# Digicam for 20k approx



## hannibal2469 (Aug 14, 2011)

hi guys  
need some buying advice on digicams 
i have never bought one before so i have no idea about brands or anything else for that matter, so i would really appreciate it if you could help me out 
budget is around 20k 
will be buying it in hyderabad, but mumbai is also possible


----------



## Sarath (Aug 14, 2011)

Let us know your usage criteria. Hobby, vacation or serious photography(just saying) ?

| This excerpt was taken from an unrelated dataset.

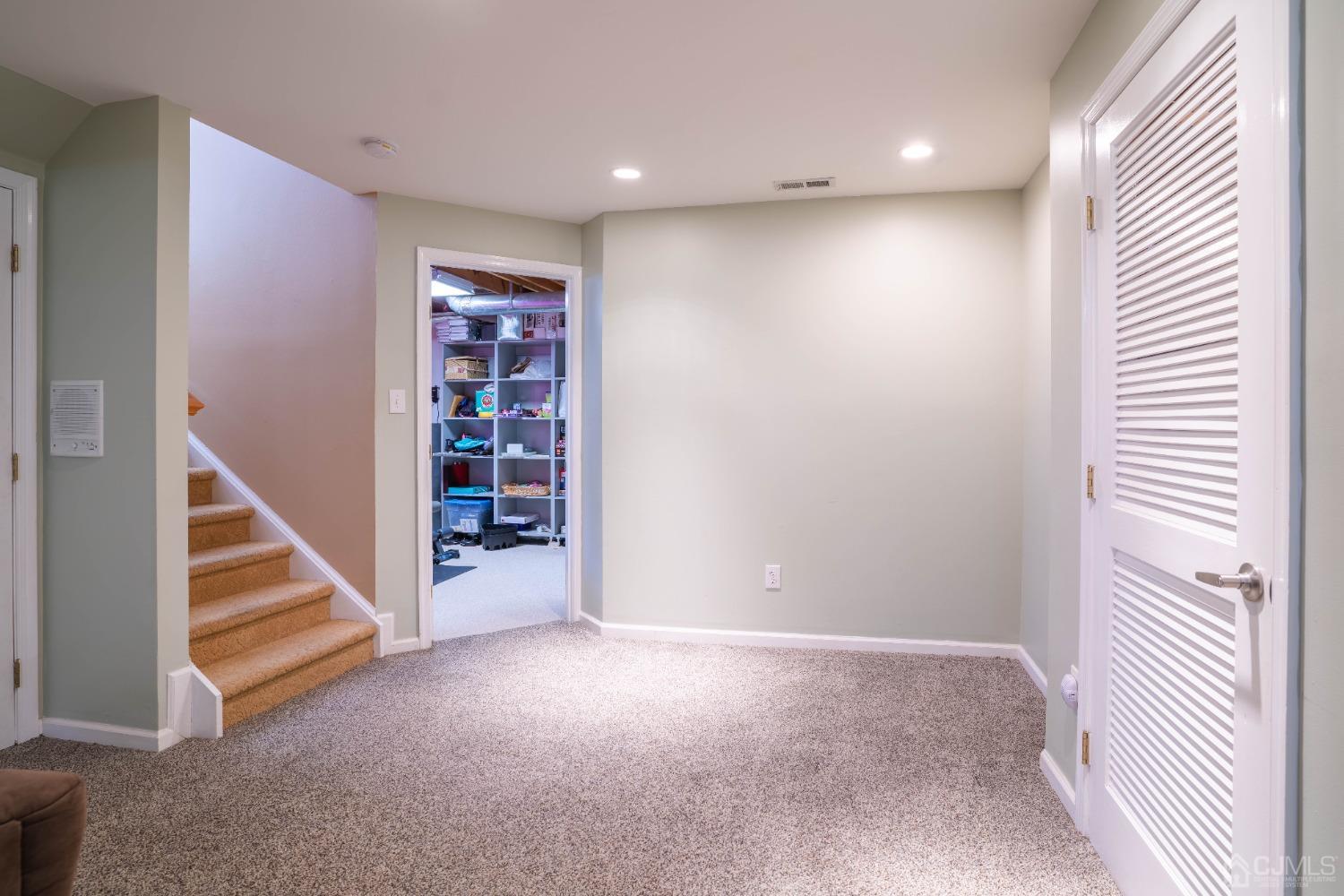 2 Donovan Road Pennington, NJ 08534 - Photo 25 of 33 Gallery Image 25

I have a sony DSC-HX7V/B. @17000 bucks. Its pretty good but I feel its overpriced. Photos were great. Shoots HD video too.
DSC-HX7V : H Series : Digital Still Camera : Sony India
*sp.sony-europe.com/da/350/134462.jpeg


----------



## pulkitpopli2004 (Aug 14, 2011)

hx7v costs only 15k.. hx9v at 16.5k... 
He can get Sony HX100V in his budget at 21k easily...  the price you are telling is a MRP at which no device are sold actually.. 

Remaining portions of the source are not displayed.